• WHAT IS NEEDED
Transcribe, word for word, every line from the one containing "Marilena Natural Stone House" through the final line of the records, and omit the pictures.

• DATASET EXTRACT

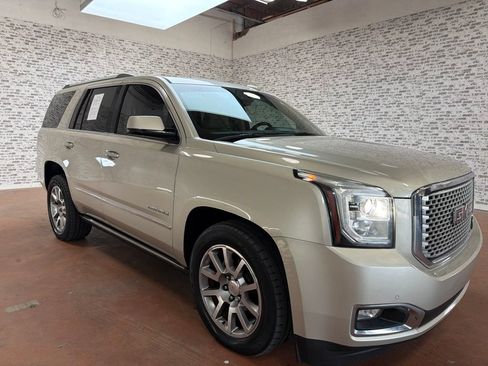 Used 2016 GMC Yukon Denali w/ Open Road Package AWD/4WD image 1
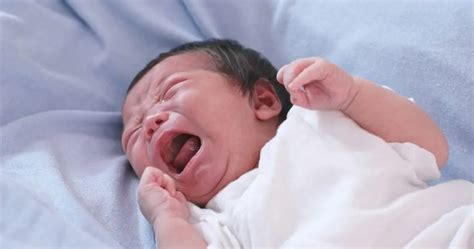 Baby die huilt, met de vuistjes gebald.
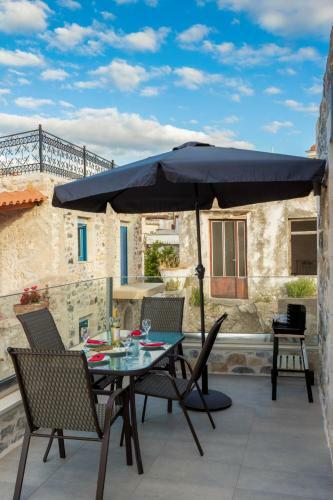 Marilena Natural Stone House
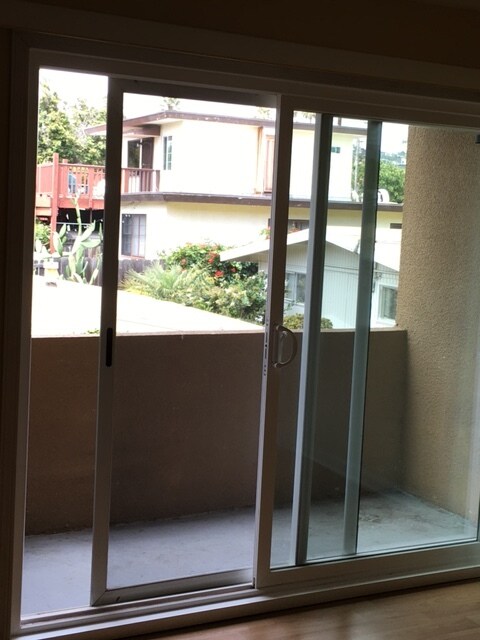 Building Photo - 5051 La Jolla Blvd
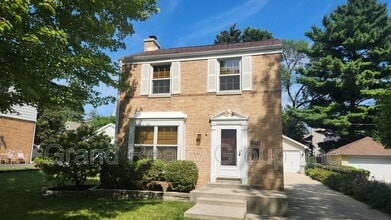 Building Photo - 730 E Lincoln Ave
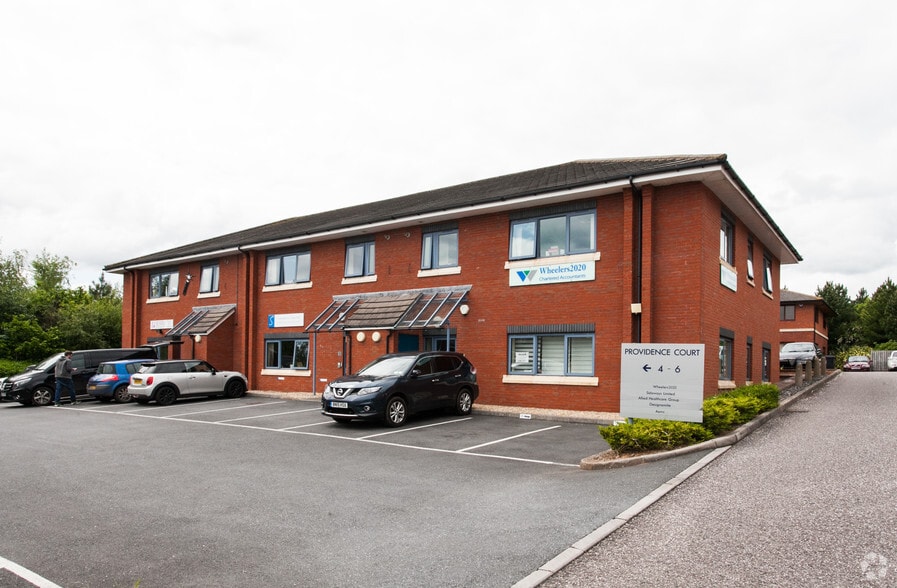 Pynes Hl, Exeter for sale - Primary Photo - Image 1 of 1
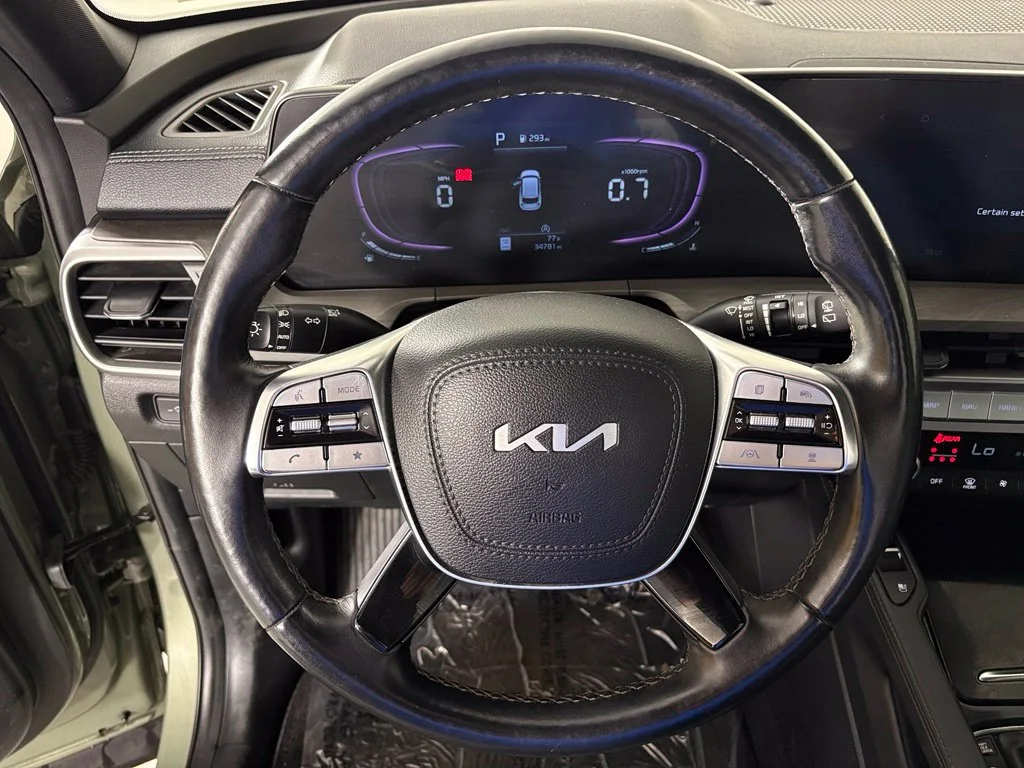 Used 2024 Green Kia EX X-Line image 19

• ANSWER FOR THE TASK
 Marilena Natural Stone House
 Building Photo - 5051 La Jolla Blvd
 Building Photo - 730 E Lincoln Ave
 Pynes Hl, Exeter for sale - Primary Photo - Image 1 of 1
 Used 2024 Green Kia EX X-Line image 19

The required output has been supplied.